(Saved data entries)
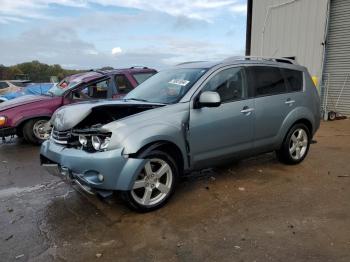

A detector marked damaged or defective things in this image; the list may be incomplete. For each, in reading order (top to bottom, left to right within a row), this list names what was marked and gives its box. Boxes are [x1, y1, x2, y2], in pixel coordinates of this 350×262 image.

crumpled front end [40, 140, 146, 195]
damaged mitsubishi outlander [40, 56, 320, 211]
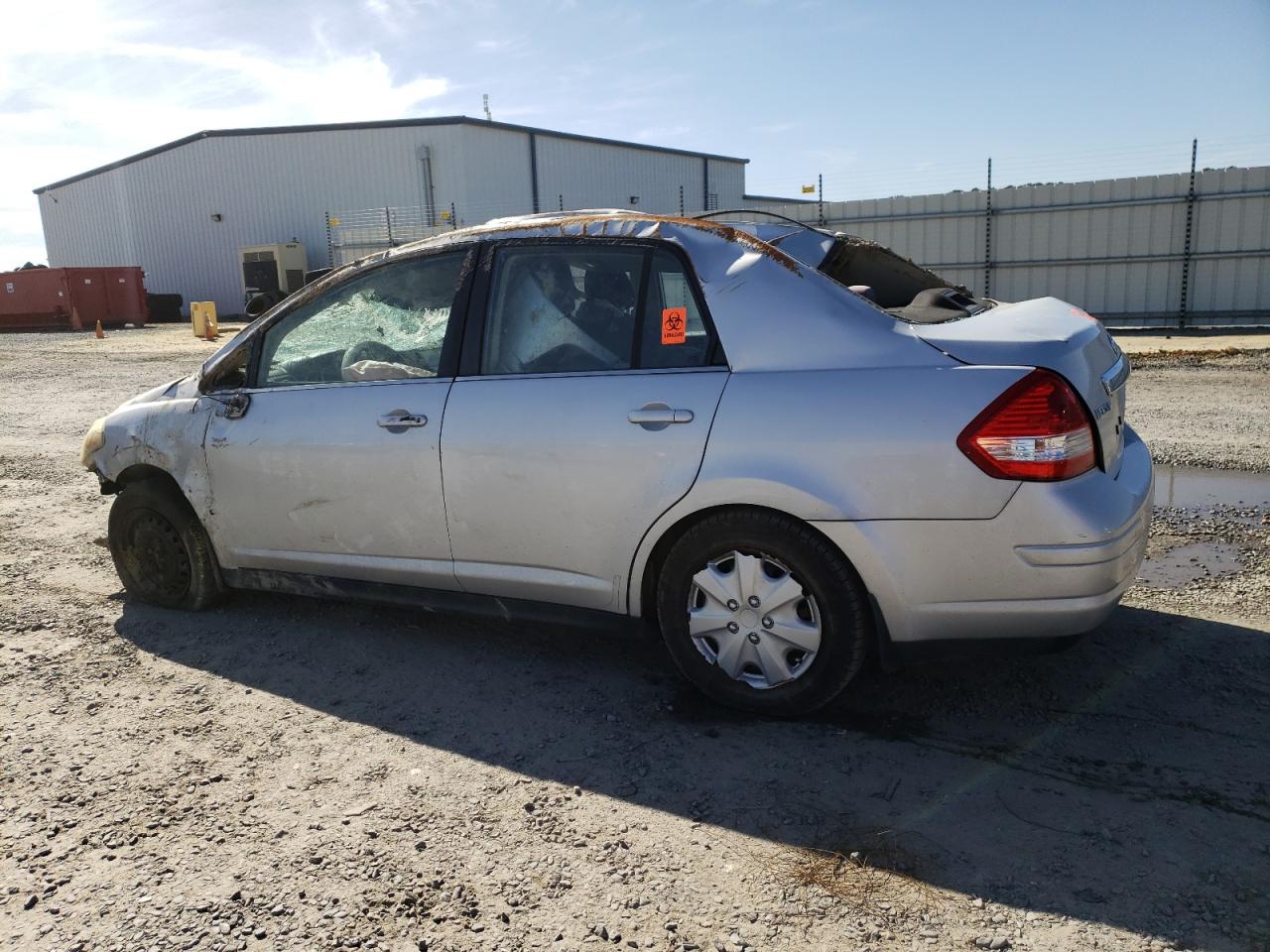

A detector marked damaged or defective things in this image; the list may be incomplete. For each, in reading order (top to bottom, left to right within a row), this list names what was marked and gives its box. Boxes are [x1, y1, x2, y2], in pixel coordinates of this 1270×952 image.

damaged silver sedan [79, 210, 1153, 715]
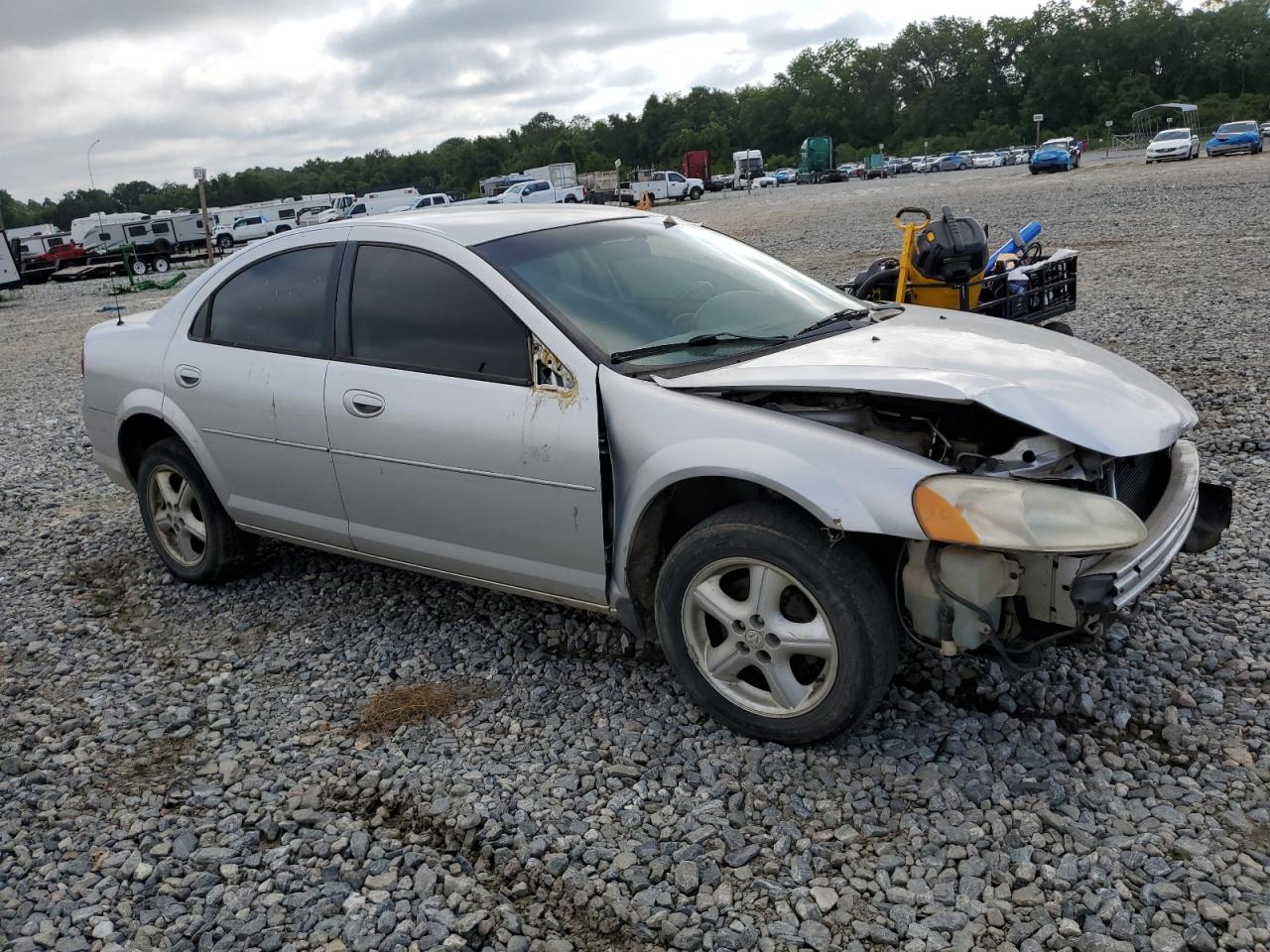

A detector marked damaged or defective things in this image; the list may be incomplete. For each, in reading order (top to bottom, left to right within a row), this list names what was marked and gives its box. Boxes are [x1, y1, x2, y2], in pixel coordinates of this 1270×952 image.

damaged silver car [81, 206, 1229, 746]
crumpled fender [596, 368, 945, 599]
crumpled hood [655, 305, 1199, 454]
exposed headlight [909, 474, 1148, 550]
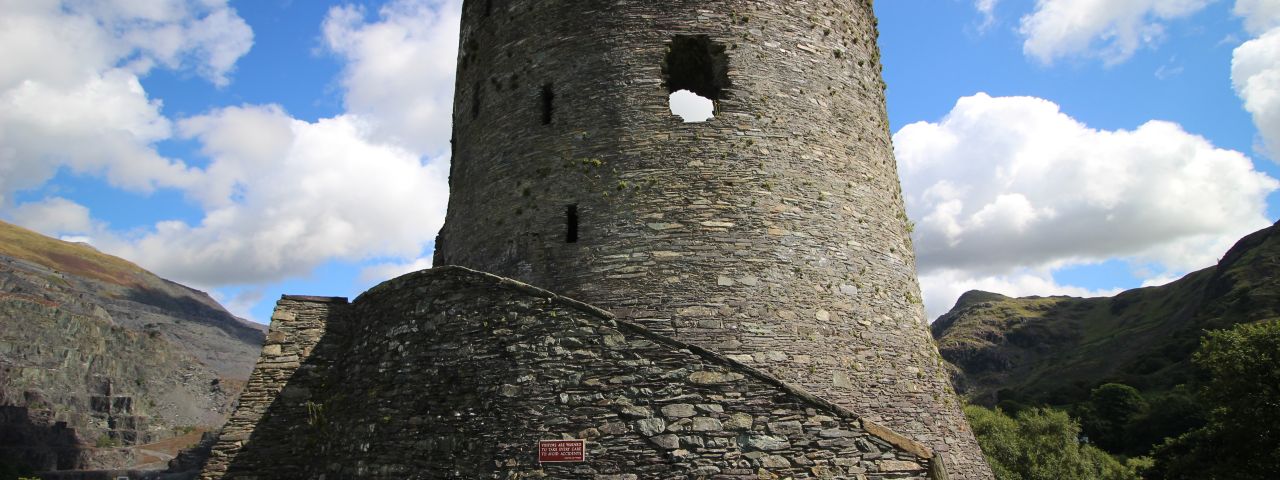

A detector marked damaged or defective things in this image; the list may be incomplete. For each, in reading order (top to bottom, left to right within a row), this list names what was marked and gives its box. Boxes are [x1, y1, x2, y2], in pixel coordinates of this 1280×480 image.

broken masonry opening [542, 84, 558, 126]
broken masonry opening [660, 35, 732, 122]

*Work request*: The response should repeat every entry above exactly and include none of the pictures.

*Completed exercise*:
A detector marked damaged or defective things in this image; the list may be incomplete. For each, in reading order (top to bottom, left to right within a row), this list names what was marked and gives its box. Boxes are [x1, y1, x2, y2], in pixel coordinates of this 350×262 image.

crumpled front end [40, 140, 146, 195]
damaged mitsubishi outlander [40, 56, 320, 211]

A detector marked damaged or defective things in this image; the list may be incomplete. For each, in reading order (top to bottom, left to right within a row), this list names what was marked and gives its box. Boxes are [x1, y1, x2, y2], in pixel coordinates of this 1270×952 image.

damaged silver sedan [79, 210, 1153, 715]

A detector marked damaged or defective things in this image; the list may be incomplete. For each, in reading order (top to bottom, left to right within a row), this list names what was marked and gives its box. Boxes are [x1, y1, x2, y2], in pixel coordinates of this 1270×952 image.

damaged silver car [81, 206, 1229, 746]
crumpled fender [596, 368, 945, 599]
crumpled hood [655, 305, 1199, 454]
exposed headlight [909, 474, 1148, 550]

A detector marked damaged or defective things in this image; the list may be incomplete. For each, in reading order (top to bottom, left to right within a row), this list names what was marked and gives its box. Boxes are [x1, y1, x2, y2], in pixel coordinates of this 1280×480 image.

broken masonry opening [542, 84, 558, 126]
broken masonry opening [660, 35, 732, 122]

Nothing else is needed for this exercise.